NonLinearCoefficientsParameters : User can specify if they like to perform optimization of the non linear coefficients that determine the shape of the basis functions for each element pair. If set to True, then there are options to perform optimization using energy only, maximum optimization iterations and a random seed to initialize the coefficients. Please note that this is a local optimization in the MTP parameter space, and different initial values may result in different solutions. How to find initial values for a good fit will be discussed below.

constant_terms: No need to edit this part of the snippet as it automatically computes the isolated atomic energies of the elements in the reference data set using the reference calculator, which is not yet automatically computed for active learning.

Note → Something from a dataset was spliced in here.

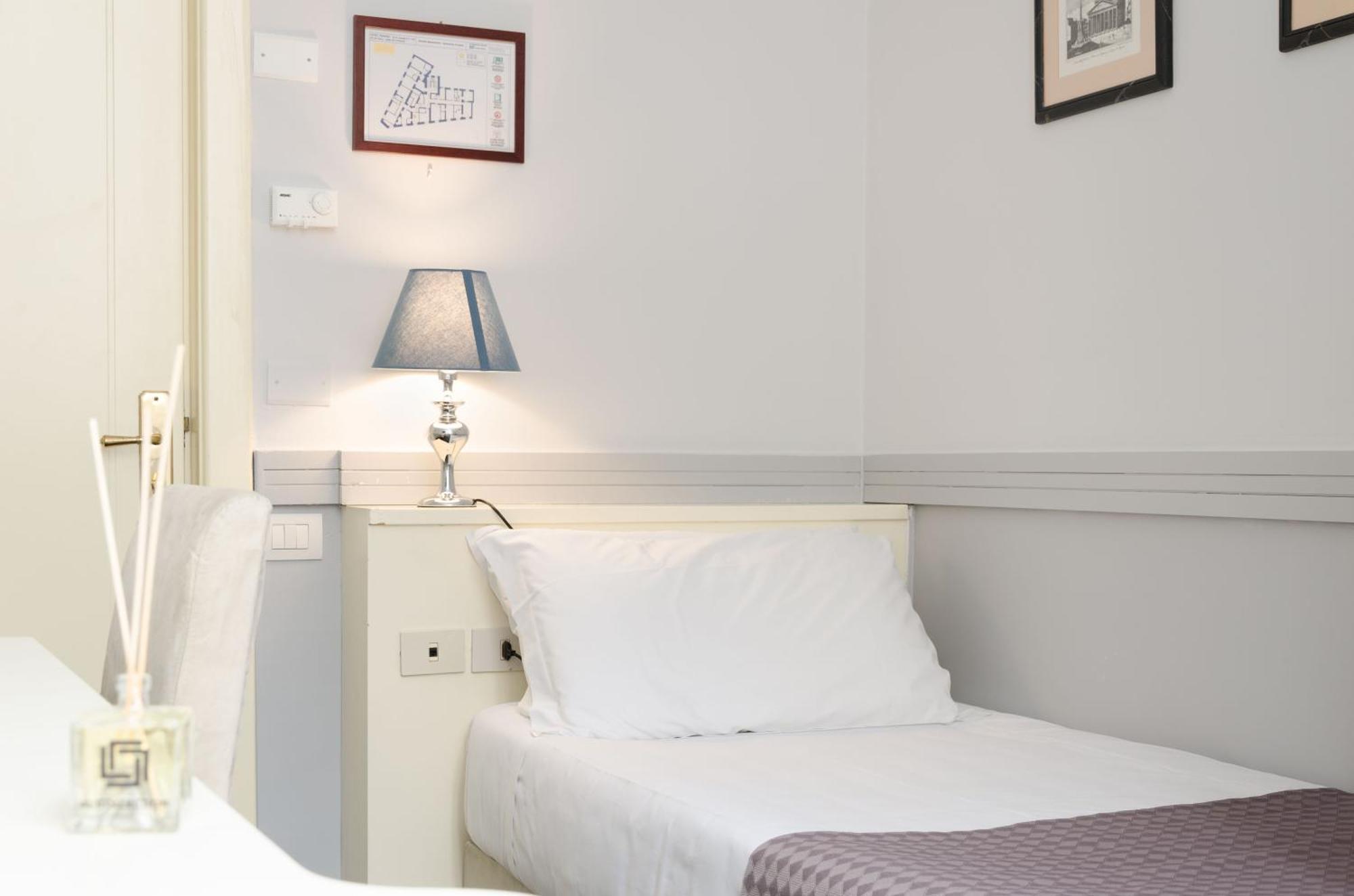 Hotel Traiano Rome Bagian luar foto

MomentTensorPotentialFittingParameters: In this part of the snippet, the size of the basis set to be used, cutoff radii for atomic neighborhood description and force cap on configurations can be provided. Note that geometries with a maximum atomic force above the forces_cap value will be ignored during training.

Snippet 4: Set up active learning

In this final snippet all settings relevant for active learning will be provided.

ActiveLearningSimulation: In this part, user can provide the threshold values for the extrapolation grades and an interval at which they will be computed in MD [4]. The configuration will be added to a candidate list when the extrapolation grade goes above candidate_threshold value and the MD will stop if the extrapolation grade goes over retrain_threshold. The max_forces_check value sets the force value, which, when encountered during the simulation, will trigger computation of extrapolation grade for the corresponding MD configuration.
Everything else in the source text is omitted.